Take a Hike – Getting away from Chores

As a mum of three, I have to admit to sometimes not being great at ‘relaxing’ when I’m at home. I am trying to get better (as part of my ‘saying no’ endeavour from a recent blog but, when I’m not sleeping, a lot of my time at home does tend to involve chores – you know the ones; making food, cleaning up after the food, making more food and then hoovering and sorting clothes (followed by making more food – and then a yell at my children to not ask me for ‘ONE MORE THING’ or I’ll snap! I’ve already snapped at that stage).

For me, therefore, getting out of the house for one of these meandering hikes is a win-win. I become ‘fun’ again. I’ve no chores or distractions. I listen better. I laugh more. But it’s not just me – I notice we all tend to relax. There’s just something really unique about spending a day in stunning scenery that we are so lucky to have on our doorstep in Ireland.

Take a Hike – What Level to Aim For?

It all depends where you’re fitness is right now. If you’re relatively unfit, don’t be put off.
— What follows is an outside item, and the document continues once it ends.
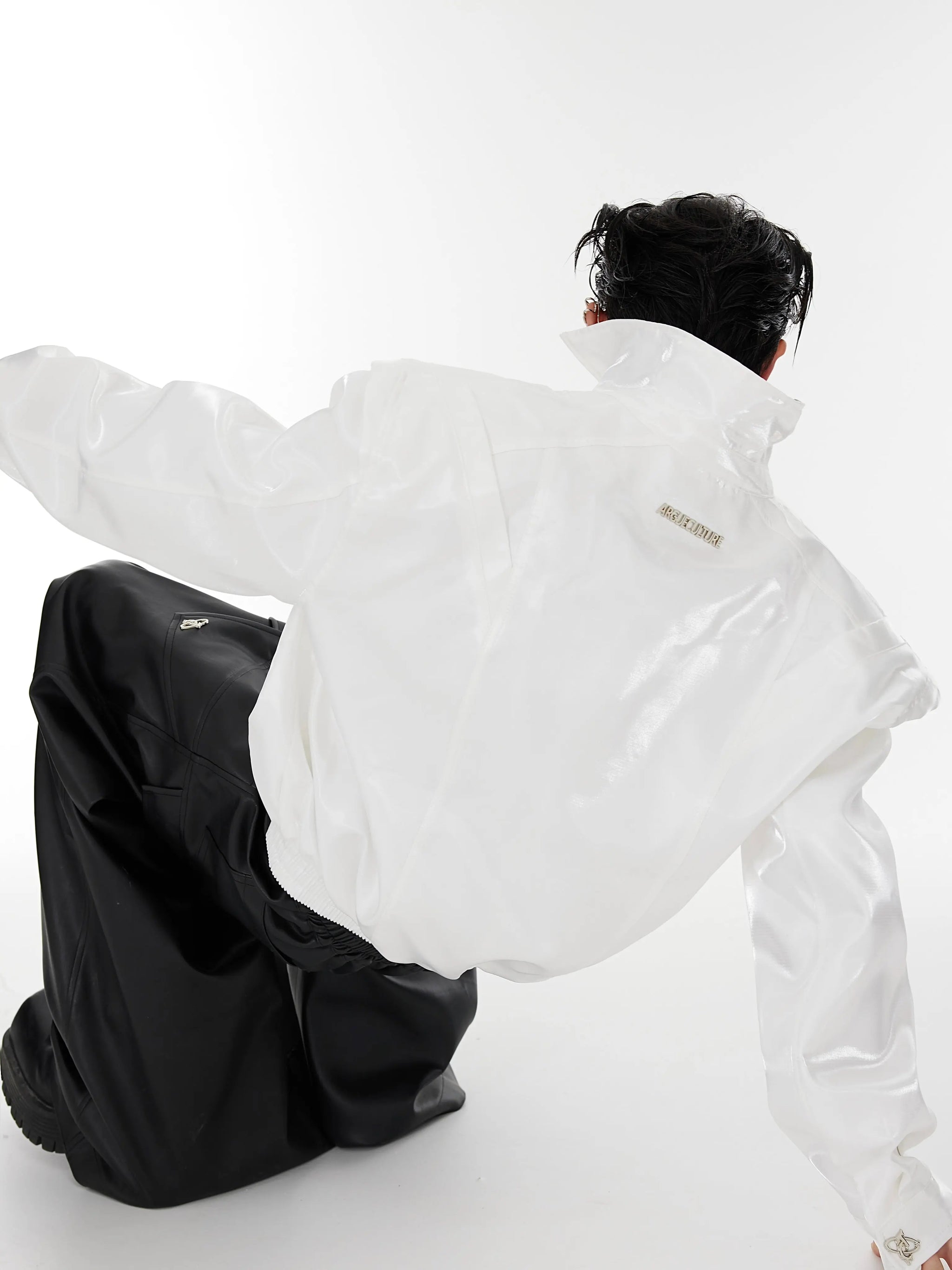 Intelligence Streamer Shoulder Padded Backless Top Shorts Set- Up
Start on the trails near your house – short, easy, well-marked hikes for an hour or two are great places to begin. If you live in the city, there are always walks like these within driving distance. If you live in the country, of course, you will have an even wider network of walking opportunities.

Once you’re confident at climbing up hills, and enjoy the thrill of reaching the top, you may all be ready to then tackle a mountain, perhaps even the Sugar Loaf in Dublin or, some day, Croagh Patrick in Mayo. It’s fantastic to have goals like these – either for you to achieve on your own, or as a couple or entire family. These kinds of climbs are great for older children, teaching them how to set goals and then seeing the sheer pleasure they get from achieving them.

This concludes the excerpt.